Landlord reserves the right from time to time, but subject to payment by
and/or reimbursement from Tenant as otherwise provided herein: (i) to install,
use, maintain, repair, replace and relocate for service to the Premises and/or
other parts of the Project pipes, ducts, conduits, wires, appurtenant fixtures,
and mechanical systems, wherever located in the Premises or the Project, (ii) to
alter, close or relocate any facility in the Premises or the Common Areas or
otherwise conduct any of the above activities for the purpose of complying with
a general plan for fire/life safety for the Project or otherwise and (iii) to
comply with any federal, state or local law, rule or order with respect thereto
or the regulation thereof not currently in effect. Landlord shall attempt to
perform any such work with the least inconvenience to Tenant as possible, but in
no event shall Tenant be permitted to withhold or reduce Basic Rental or other
charges due hereunder as a result of same or otherwise make claim against
Landlord for interruption or interference with Tenant's business and/or
operations.
ARTICLE 9
REPAIRS AND ALTERATIONS
-----------------------
(a) Repairs and Alterations.

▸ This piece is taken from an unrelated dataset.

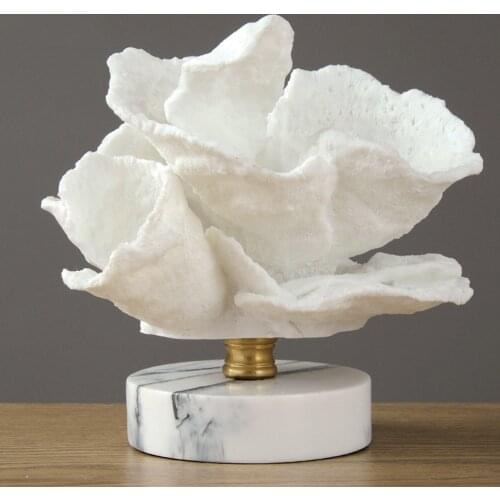 Coral Figurine Desktop Fake Decorative Ornament Sculpture Office Home Livingroom Simulation Marble Base Wedding Gift Statue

Landlord shall maintain the structural
-----------------------
portions of the Project including the foundation, floor/ceiling slabs, roof,
curtain wall, exterior glass (including water leaks), columns, beams, shafts,
stairs, stairwells, elevator cabs and common areas and shall also maintain and
repair the basic mechanical, electrical, lifesafety, plumbing, sprinkler systems
and heating, ventilating and air-conditioning systems (provided, however, that
Landlord's obligation with respect to any such systems shall be to repair and
maintain those portions of the systems located in the core of the Project or in
other areas outside of the Premises, but Tenant shall be responsible to repair
and maintain any distribution of such systems throughout the Premises, except
the existing HVAC System in the Premises, the responsibility for repair and
maintenance of which shall be as provided in Article 11 hereof). Except as
expressly provided as Landlord's obligation in this Article 9, Tenant shall keep
the Premises in good condition and repair. A Subject to the provisions of
Article 14 hereof, all damage or injury to the Premises or the Project resulting
from the act or negligence of Tenant, its employees, agents or visitors, guests,
invitees or licensees or by the use of the Premises shall be promptly repaired
by Tenant, at its sole cost and expense, to the satisfaction of Landlord;
provided, however, that for damage to the Project as a result of casualty or for
any repairs that may impact the mechanical, electrical, plumbing, heating,
ventilation or air-conditioning systems of the Project, Landlord shall have the
right (but not the obligation) to select the contractor and oversee all such
repairs. Landlord may make any repairs which are not promptly made by Tenant
after Tenant's receipt of written notice and the reasonable opportunity of
Tenant to make said repair within five (5) business days from receipt of said
written notice, and charge Tenant for the cost thereof, which cost shall be paid
by Tenant within five (5) days from invoice from Landlord. Tenant shall be
responsible for the design and function of all non-standard improvements of the
Premises, whether or not installed by Landlord at Tenant's request. Tenant
waives all rights to make repairs at the expense of Landlord, or to deduct the
cost thereof from the rent. Tenant shall make no alterations, changes or
additions in or to the Premises (collectively, "Alterations") without Landlord's
prior written consent, and then only by contractors or mechanics approved by
Landlord in writing and upon the approval by Landlord in writing of fully
detailed and dimensioned plans and specifications pertaining to the Alterations
in question, to be prepared and submitted by Tenant at its sole cost and
expense. Notwithstanding anything to the contrary contained herein, Tenant may
make strictly cosmetic changes to the finish work in the Premises (the "Cosmetic
Alterations"), without Landlord's consent, provided that the aggregate cost of
any such alterations does not exceed Fifty Thousand Dollars ($50,000.00) in any
twelve (12) month period, and further provided that such alterations do not (i)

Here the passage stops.